As we grapple with the consequences of climate change, it shows just how vital the role of rain in our ecosystem is. Merideth Irby, a librarian at Berkeley High School who organized a climate justice and activist training last year, has been interested in climate change since college. For her, rain is always “a nice change of pace.” She added that “we are in the driest period of California’s drought right now.” When Irby moved here fifteen years ago, “it rained all the time.” She said, “The climate is changing, and incoming climate catastrophes have shifted the climate so much that we are not getting enough rain.”
The lack of rain has depleted water supplies below the surface, as well. “Our underground aquifers are really low. We are not even close to ending the drought,” said Irby. The water comes from things like snowmelt, rain and more. “I think individual efforts are really important, but big businesses are utilizing our water resources.

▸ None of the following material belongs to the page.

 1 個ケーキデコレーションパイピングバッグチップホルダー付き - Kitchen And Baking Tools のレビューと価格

Don’t use plastic straws and other admissions from big companies,” she said. For example, the farming, ranching, and meat industries use a lot of water, so not eating foods that use less water is a good way to conserve. Irby is critical of golf courses in particular. “We need away with all the golf courses, they use a ton of water for all that grass. Especially in palm springs,” she said.
During the climate justice and activism training last year during Earth Week, where all different classes contributed projects, she was the staff lead for the Youth vs the Apocalypse club in 2022. “I was really inspired (to get involved in climate action) by the students who were pushing for more climate related initiatives at BHS, and were pushing the district to sign the Climate Literacy Resolution,” she said. The climate literacy resolution was passed in 2021, which was an agreement that the Berkeley Unified School District made to teach about climate change and global warming awareness in schools.

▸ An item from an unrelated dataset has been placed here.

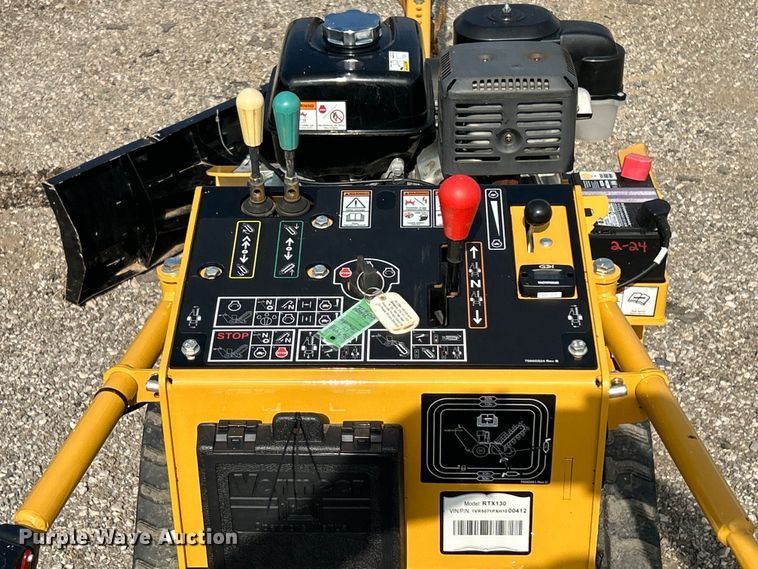 image for item EG0889 2017 Vermeer RTX130 trencher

Alice Lohmann Rahal, a freshman at Berkeley High, agrees with Irby. She grew up in São Paulo, Brazil, where it rains heavily around every two weeks. She says that rain is important for Brazil’s environment, and Brazil experienced drought recently, just like California.
“Most people live in urban cities in Brazil, but there are also a lot of farms so the rain is important for the produce,” Lohmann Rahal said. Since October 2023, the Amazon rainforest and multiple towns around it have been in an emergency drought.
According to Lohmann Rahal, Brazil started to take extreme measures to deal with the drought around 2008. These measures include closely monitoring water usage, decentralizing water resources management, and more.
The Green Team is a club at BHS, and, according to Lola Leeman, a member and senior at BHS, it is “very environmentally focused.” The club advocates for change and raises awareness about issues related to the climate crisis. “Rain is important in an on-and-off drought season. It also helps prevent wildfires and keep rivers and reservoirs flowing,” she said. For now, Green Team is “focusing on city planning and education,” according to Leeman.
Leeman has been interested in climate change and global warming for a few years, though she’s had to manage some climate-related stress. “It is important for me to not read too many bleak headlines to avoid eco-anxiety and burnout,” she said.
On the topic of rain, Leeman shared, “I’m not really a sunshine person, and rainy days can provide a chill sense of ambience. Plus, it’s fascinating how all sorts of creatures like slugs and worms come out when it rains.”